Eastwood has good ones ($60-$70 a set). Harbor Freight probably has cheaper
ones. A
pneumatic grinder will work just fine with a medium compressor. A "Dremel Moto
Tool"
won't cut it. Literally.
>
> Mainly I am interested in just getting it to be at a very nice stock level
> of running. I am not
> terribly interested in significant increases in HP. Maybe it would not be
> necessary to do the
> porting, just new valves, seats, guides, etc. I do have a "spare" head
> lying around here to
> play with. I might have a go at the whole 9 yards!

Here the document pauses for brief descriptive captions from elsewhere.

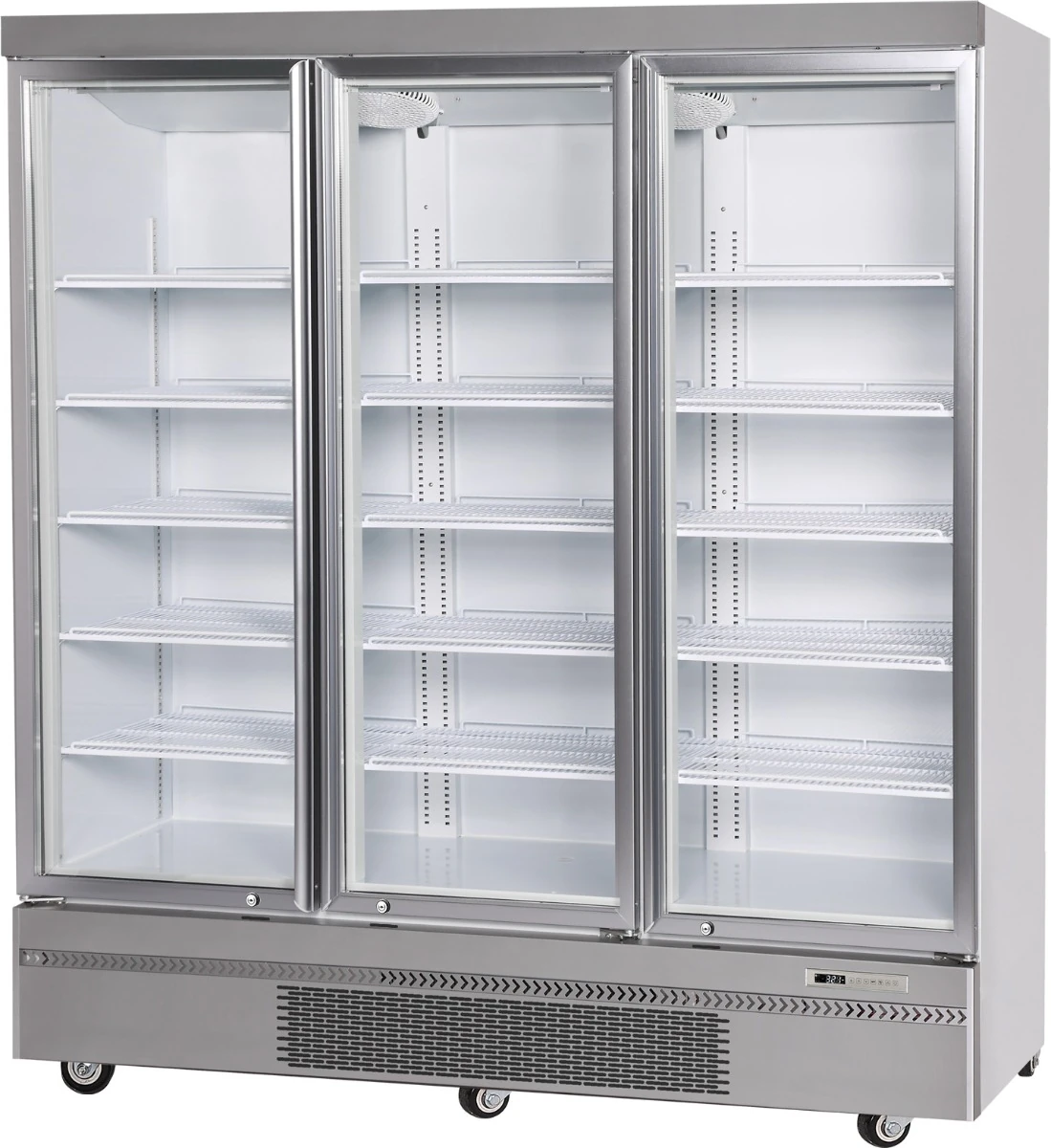Snowman Q1500RWB white three-glass-door display fridge with bottom-mounted refrigeration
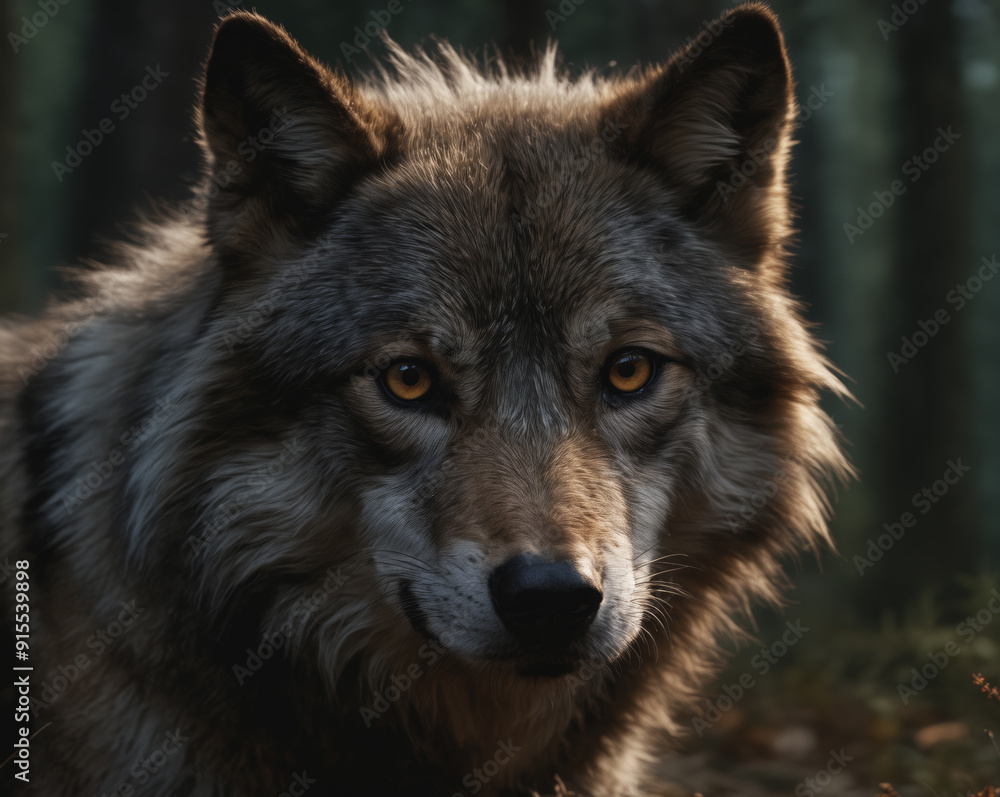 Fototapeta premium Intense Gaze of a Wolf in the Forest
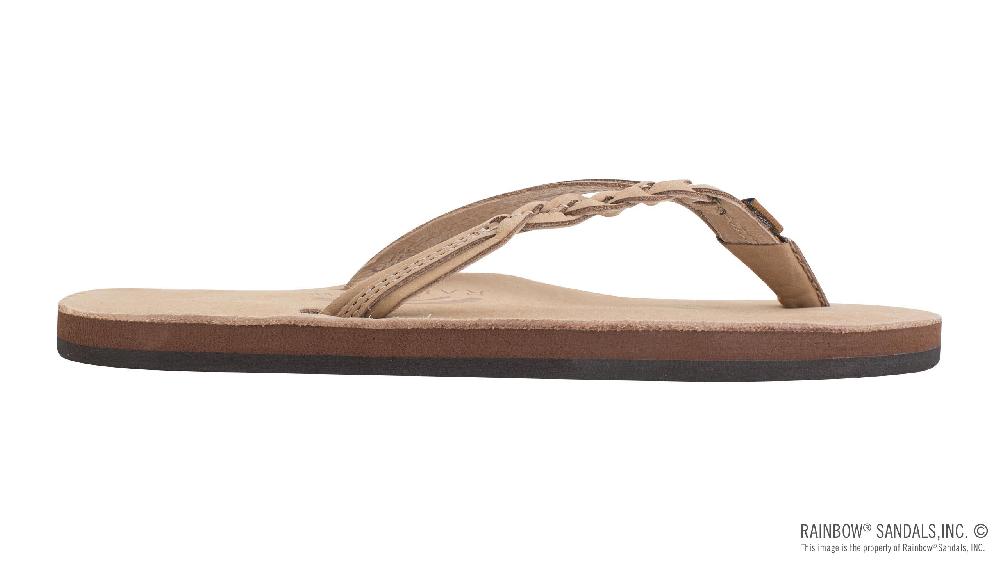 Le Bos Rainbow Flirty Braidy Sierra Brown Single Layer With Braided Strap Rainbow Womens Sandals 301ALTSB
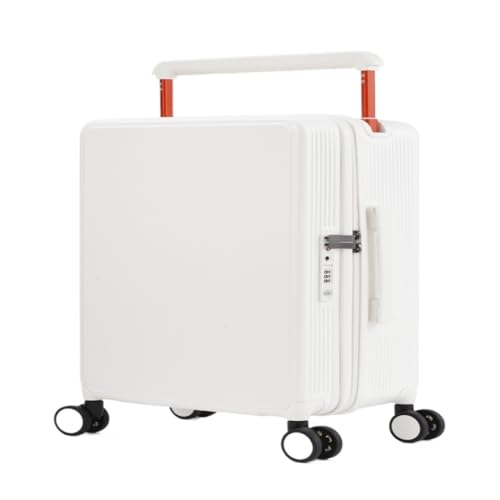 OZWYCY Rollkoffer Breiter Trolley-Koffer, Kratzfester Trolley-Koffer Mit Doppelter Vorderseite, Wasserdichter Handgepäck-Koffer for Männer Und Frauen Reisekoffer(White) von OZWYCY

Porting is very misunderstood. I guess you could say the idea isn't to change
the port,
so much as to "blueprint" the port. The idea is to get it to match what the
engineer drew
in the blueprints -- something that requires 10-20 hrs of handwork. You can
imagine that
Triumph didn't have time to do this to every head it made (I think even BMW
only does it
to the M series nowadays).
You don't need the blueprints, either. Just stick you finger in there. If it's
rough or
jagged, make it smooth. Make it clean. Smooth the bumps. No need to make the
port
"bigger". Take a manifold gasket and put it up against the head. Make the ports
the same
shape as the holes in the gasket (this doesn't always apply to intakes).
I find it very relaxing for some reason. ;>)
Give it a good valve job. Put bronze valve guides in. This is the most cost
effective
engine work you can do. 10-20hp - 10-20ft/lbs or torque. Bump the compression a
bit,
especisally if you have a low compression TR6 or a Spit....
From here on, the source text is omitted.